The number of marriages each year on a per capita basis varied when events-most often wars- dictated it. Over all, however, marriage was a stable institution, attracting somewhere between 10-15% of the population each “normal year” for over a century. The number started to dip in the early 1980’s and just kept falling until 2009. We stayed level at about 7% of the population until 2018, when the number fell again to 6.5%, the lowest in our 118 years of keeping records.
Looking even deeper, we see that the fall in marriage rates is nowhere near evenly distributed. The summary is simple. Wealthier, more educated people marry; poorer, less educated people stay single. For instance, the linked study demonstrates that in the top 1/3 of earners, 64% of people enjoy stable, intact marriages. In the bottom 1/3 of earners, only 24% claim a very married status.
The House Always Wins.
We have long known that there is a strong correlation between stable marriages and financial well-being. From that vantage point, the pandemic’s impact on marriages makes sense. We have not seen an uptick in divorces because there are fewer married people to begin with; once married, couples can better weather the financial storm than their single counterparts.
Even worse, finances present the number one obstacle to marriage. The pandemic exacerbates that issue. Plus, dating in a pandemic is more than a challenge. In the immediate future, it is hard to see anything other than a vicious, repeating cycle. The rich continue marrying, a practice that increases their happiness and wealth; the poor (and increasingly, the middle class) cannot or do not grab the brass ring.
SAY A LITTLE PRAYER FOR HER.
Our Empty Nest pandemic experience mirrors the numbers. M’Lissa had to run a school out of our living room for almost three months while my law practice covered the desk in the bedroom. We bumped into each other more than usual. After the restrictions eased, we largely avoided restaurants and social outings, which is difficult for two social people. We gave inordinate time, effort and thought to figuring out risk/reward trade-offs for routine activities. If you want a flow chart on getting a haircut, we can send you one. In all, a full immersion experience into the weirdness of 2020.
While we will be first in line for the vaccine, we also have no doubt that the pandemic confirmed our 36-year union. Forced to stay home, we cooked more and better, exercised often and laughed at all the absurdity. M’Lissa and I spent more time outside this year than in the last five combined. The great Miles Davis once said “Time isn’t the main thing. It’s the only thing.” The pandemic brought many awful things to the world, but the silver lining at our house was time with each other. Although not wise enough to have ever created this time together if left to our own devices, we are smart enough to hold onto a good thing after it fell into our lap.
I have sympathy for those at the opposite end of the spectrum. I would not trade one minute of competing zoom calls for the quiet that fills other houses. There can be satisfaction in solitude, but only for so long.

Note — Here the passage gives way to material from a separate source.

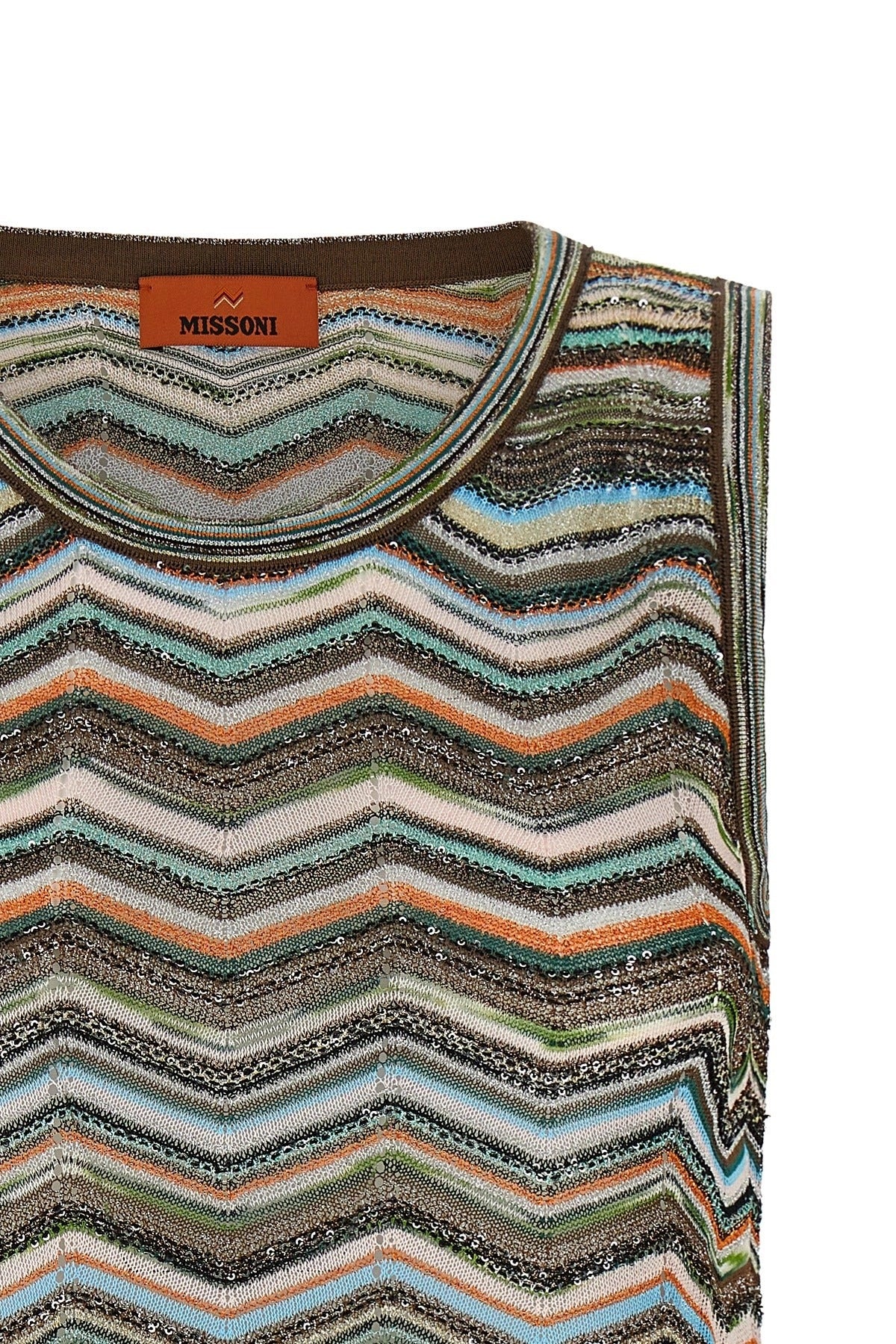 Top in maglia chevron metallizzata Missoni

Which brings me to my relationship resolution for 2021. I am going to pray more. As a believer in self-sufficiency, I do not often ask for personal help. I think, however, that reminding myself of my blessings is the long route to the same place. Taking the time to appreciate and making the effort to say what works will keep me doing what works. So sometime each day I am going to remark on the remarkable: she said yes 36 years ago and most days since then; if 2020 taught me anything it taught me that very married is my answer to life’s challenges.